Iraq Receives Over One Million Barrels of Kurdistan Oil, First Tanker Loaded at Ceyhan
Peregraf- Iraqi Oil Minister Hayyan Abdul Ghani announced on Saturday that more than one million barrels of crude from the Kurdistan Region have been received so far, confirming that the first tanker carrying Kurdistan Region oil has been loaded at Turkey’s Ceyhan port.
Abdul Ghani told the Iraqi News Agency (INA) that oil flows from the Kurdistan Region through the Iraq-Türkiye pipeline resumed a few days ago after a suspension of more than two years. “For the first time, the federal government is receiving oil produced in the region and undertaking the process of exporting it outside Iraq,” he said.
He noted that over one million barrels have already been transferred and that the first tanker, with a capacity of 650,000 barrels, is now being loaded at Ceyhan. “Once loading is completed, the tanker will depart to its contracted destination,” Abdul Ghani added, describing the resumption as “a great achievement by the Iraqi federal government and the Kurdistan Regional Government (KRG).”
Exports from Kurdistan region restarted last Saturday under a landmark agreement between Baghdad, Erbil, and international oil companies, following two years of negotiations. The director of the State Oil Marketing Organization (SOMO), Ali Nazar al-Shatri, confirmed that revenues from Kurdistan region’s oil sales will be directed to the federal budget.
On September 27, oil from the Kurdistan Region flowed again through the pipeline to Ceyhan for the first time since March 2023, when exports were halted after an international arbitration ruling favored Baghdad against Ankara. The stoppage deprived the Kurdistan Region of vital revenues and cut roughly 230,000 barrels per day from global markets.

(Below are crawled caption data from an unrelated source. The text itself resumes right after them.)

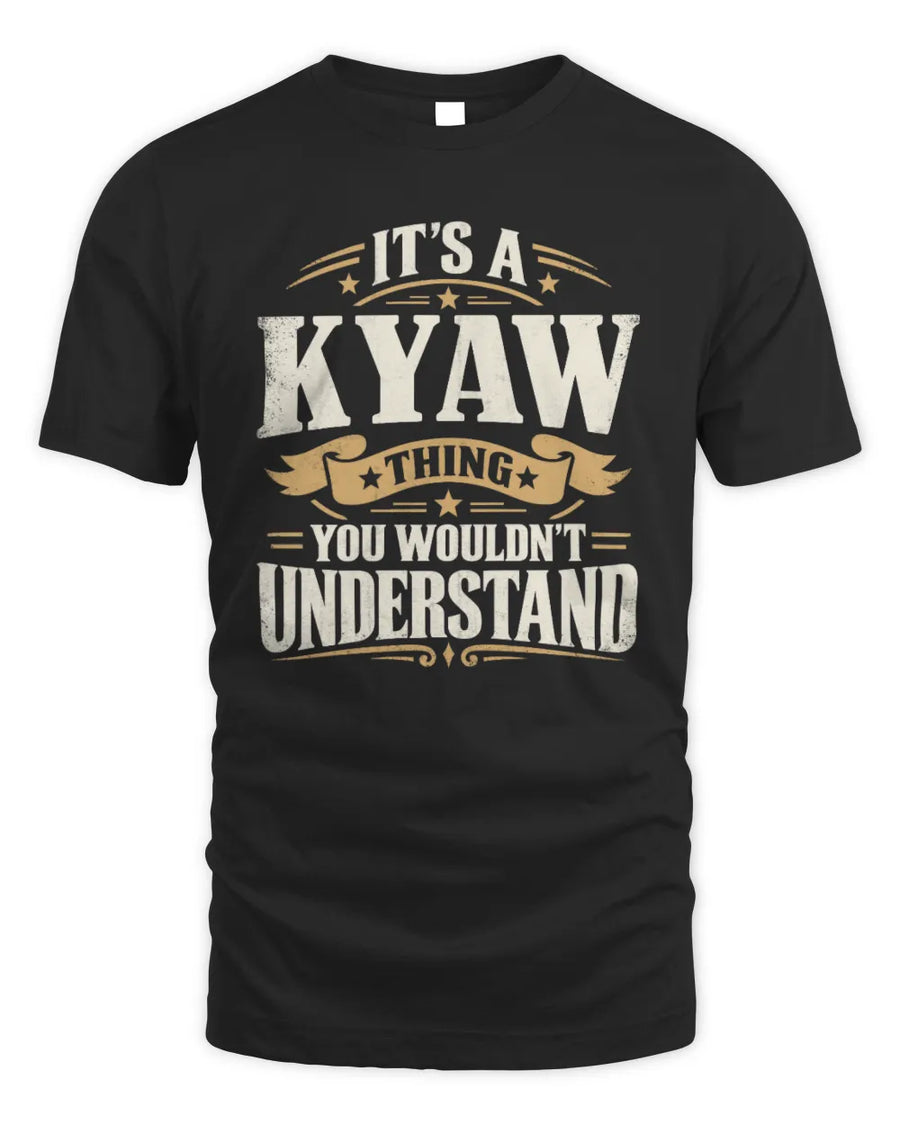 KYAW P08 TH51 - Personalized “It’s a/an [NAME] Thing – You Wouldn’t Understand” Shirt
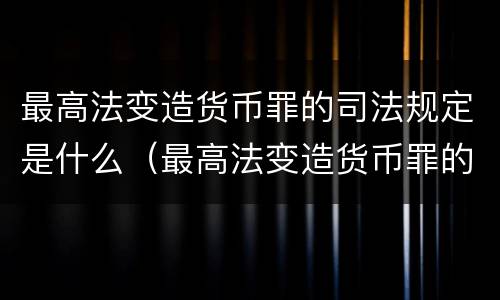 最高法变造货币罪的司法规定是什么（最高法变造货币罪的司法规定是什么）
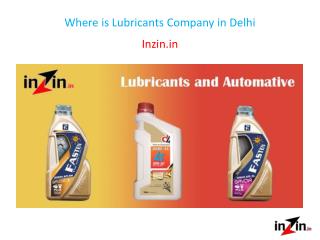 Where is Lubricants Company in Delhi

Under the new deal, crude from the Kurdistan Region—except volumes reserved for local use—will be handed over to SOMO at Peshkhabour and exported via Ceyhan. Revenues will be deposited directly into Iraq’s federal treasury, from which Kurdistan’s public salaries and dues will be funded.
The agreement includes provisions for cost recovery: $16 per barrel is allocated for extraction and transportation, with companies compensated in crude oil rather than cash. SOMO will also cover pipeline transit fees, while Baghdad continues negotiations with Ankara to renew the transport agreement expiring in mid-2026.
Iraqi Prime Minister Mohammed Shia’ al-Sudani hailed the breakthrough as “an achievement 18 years in the making,” saying it ensures fair distribution of wealth and strengthens Iraq’s global energy role. KRG Prime Minister Masrour Barzani called it “a historic step” that reconnects the Kurdistan Region to international oil markets and removes a major obstacle to securing financial dues.
KRG Deputy Prime Minister Qubad Talabani stressed the role of dialogue: “Through dialogue with Baghdad, we can best serve our people and our Region.”
The Iraqi federal government aims to increase Kurdistan region’s oil exports to 400,000 barrels per day in line with Iraq’s budget law. For Erbil, the deal is expected to restore financial stability and enable the timely payment of public sector salaries, while for Baghdad it consolidates state control over oil revenues and boosts investor confidence.
The restart of exports marks a new chapter in Baghdad-Erbil relations, with leaders on both sides expressing hope that it will replace years of disputes with lasting cooperation.